• _Supplied information_
◆ ◆ ◆ ◆ ◆

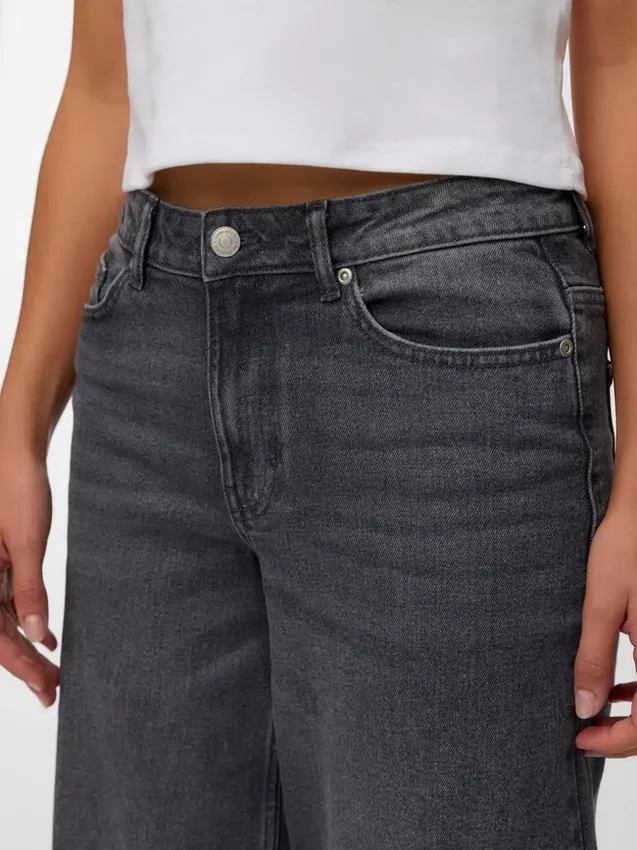 Vmmira Mid-Rise-Jeans in weiter Passform Vmmira Mid-Rise-Jeans in weiter Passform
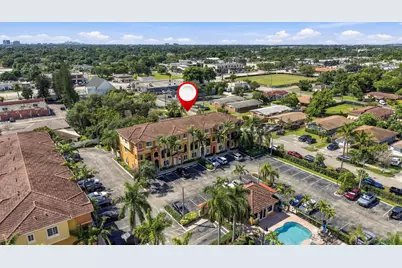 141 NW 2nd Avenue #7, Hallandale Beach, FL 33009 - Photo 4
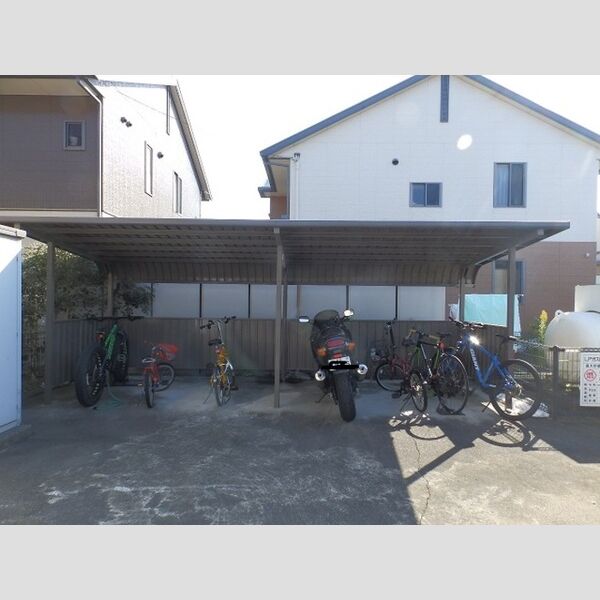 現地周辺 (駐輪場)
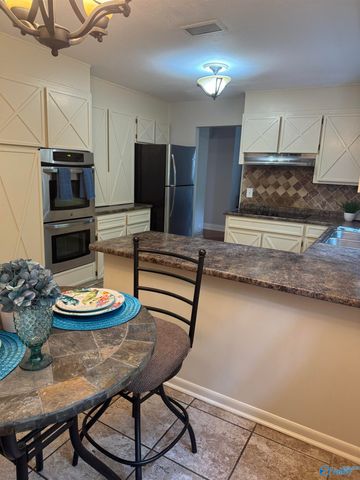 10106 Bluff Drive, Huntsville, AL 35803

◆ ◆ ◆ ◆ ◆

• _What is being asked_
Pictures stay out of this copy. Retype exactly the lines from the one with "141 NW 2nd Avenue" through the last line of the data, both ends included, and nothing more.

• _Result of this task_
 141 NW 2nd Avenue #7, Hallandale Beach, FL 33009 - Photo 4
 現地周辺 (駐輪場)
 10106 Bluff Drive, Huntsville, AL 35803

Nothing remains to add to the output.